## Assignment
A verbatim copy of the records is required, with all pictures left out.

Entries shown Block Start

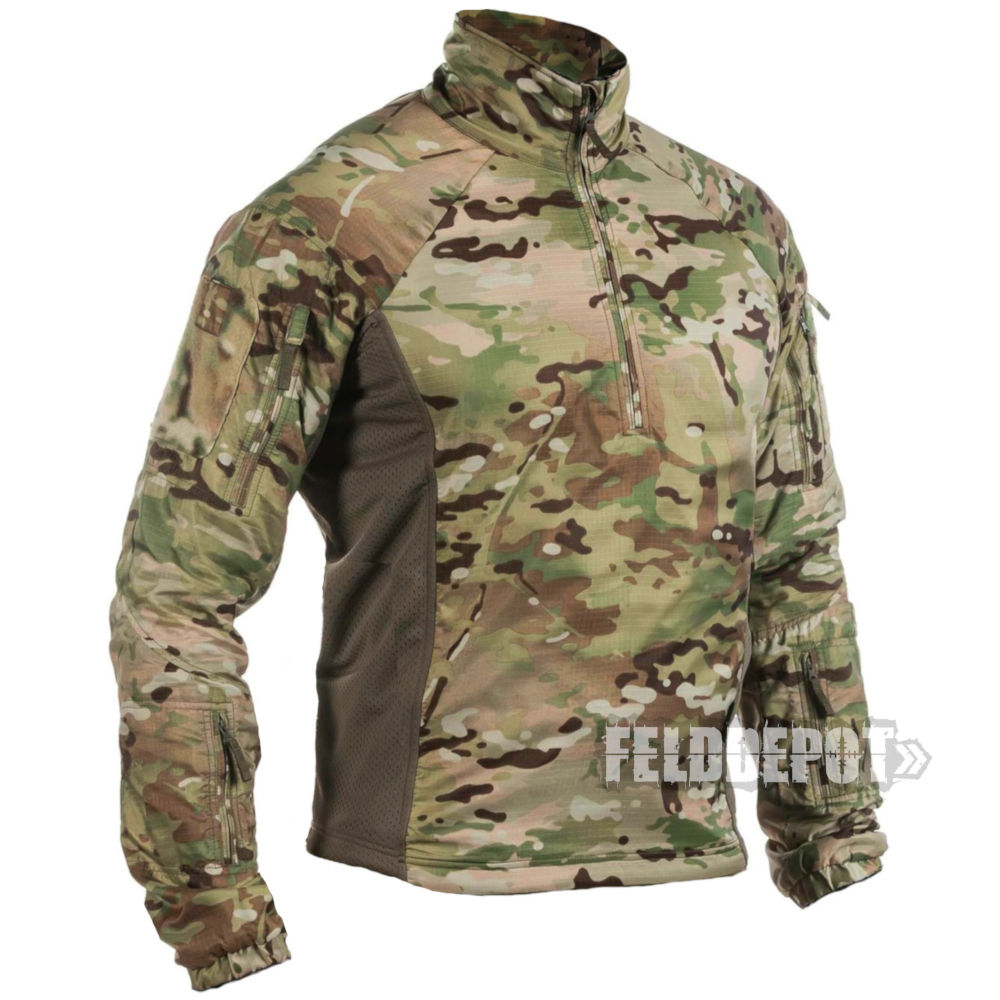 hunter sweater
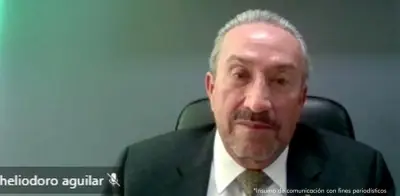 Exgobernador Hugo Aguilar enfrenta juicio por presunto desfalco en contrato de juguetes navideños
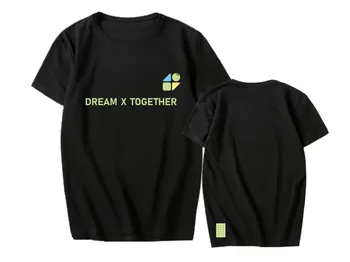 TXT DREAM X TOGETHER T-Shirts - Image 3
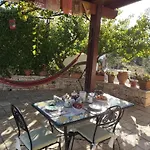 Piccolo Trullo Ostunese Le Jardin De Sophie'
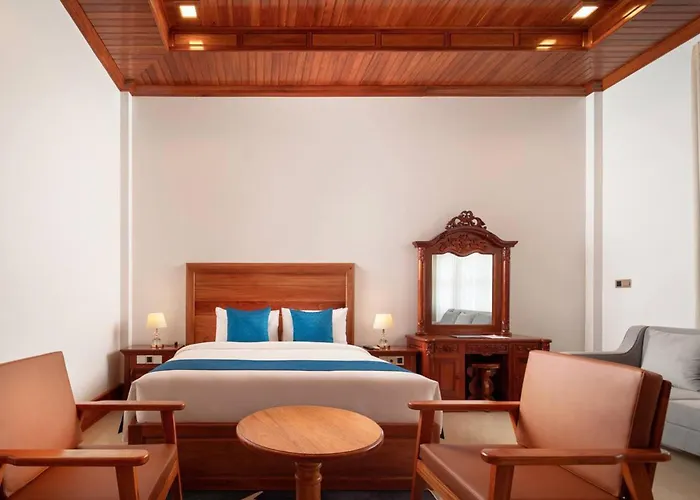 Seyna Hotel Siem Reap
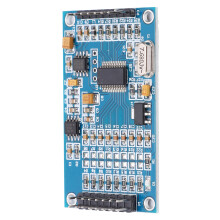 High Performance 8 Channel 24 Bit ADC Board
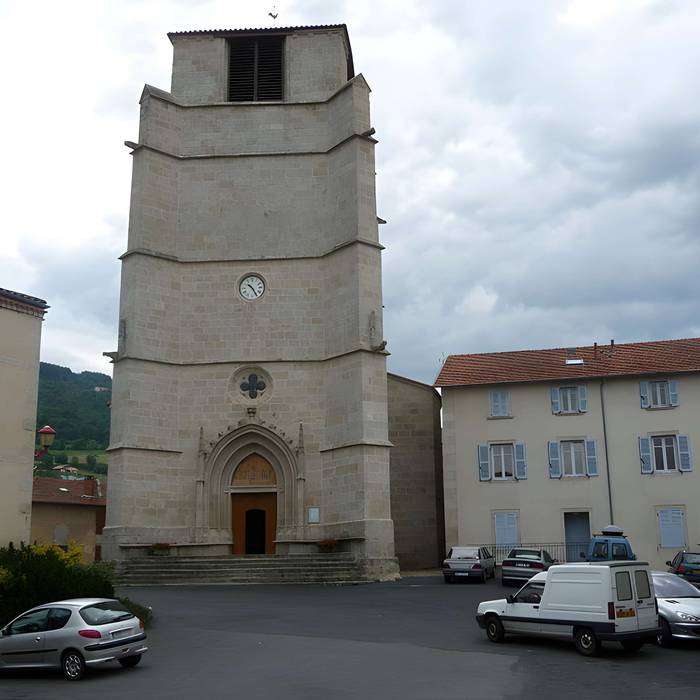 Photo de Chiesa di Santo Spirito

Entries shown Block End

## Answer
 hunter sweater
 Exgobernador Hugo Aguilar enfrenta juicio por presunto desfalco en contrato de juguetes navideños
 TXT DREAM X TOGETHER T-Shirts - Image 3
 Piccolo Trullo Ostunese Le Jardin De Sophie'
 Seyna Hotel Siem Reap
 High Performance 8 Channel 24 Bit ADC Board
 Photo de Chiesa di Santo Spirito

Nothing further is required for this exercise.